··· DATASET RECORDS ···
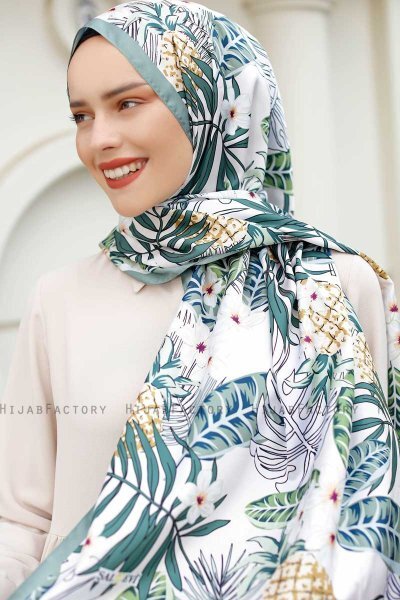 Ananas Mønstret Twill Hijab - Sal Evi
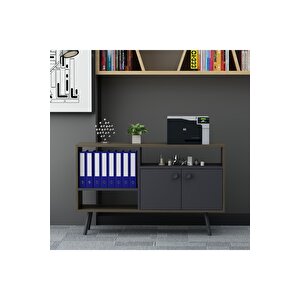 Lagomood İrony Maxi Ofis Dolabı Antrasit Ceviz
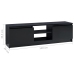 Mueble de TV de aglomerado negro brillante 120x30x35,5 cm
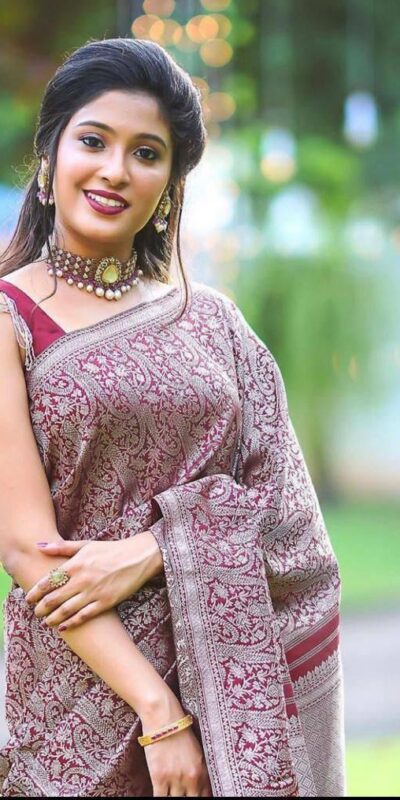KPR 125 Wine Soft Lichi Silk Saree Perfect for Wedding, Party, Reception, Diwali, Ethnic Day – . Affordable Price ₹1299. Delivery 4-6 Working Days. | Designer Sarees, Modern Digital sarees, Sarees, Bollywood Sarees, Creative Sarees, Embroidered Sarees, Ethnic Saree, Party Wear Sarees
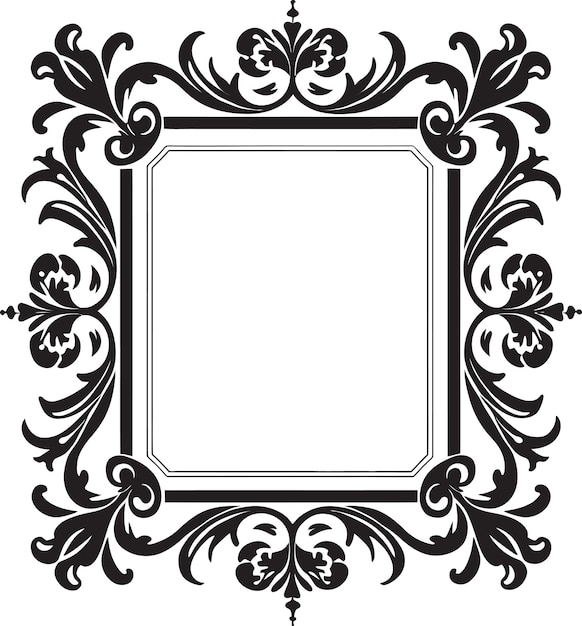 Vetor art nouveau noir black frame logo icon design em vector harmonious blend decorative frame vector em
···
TASK TO COMPLETE:
Taking the material above, give again exactly the lines from the one holding "Mueble de TV" through the one holding "KPR 125 Wine", with both ends and without pictures.

RESULT BELOW:
 Mueble de TV de aglomerado negro brillante 120x30x35,5 cm
KPR 125 Wine Soft Lichi Silk Saree Perfect for Wedding, Party, Reception, Diwali, Ethnic Day – . Affordable Price ₹1299. Delivery 4-6 Working Days. | Designer Sarees, Modern Digital sarees, Sarees, Bollywood Sarees, Creative Sarees, Embroidered Sarees, Ethnic Saree, Party Wear Sarees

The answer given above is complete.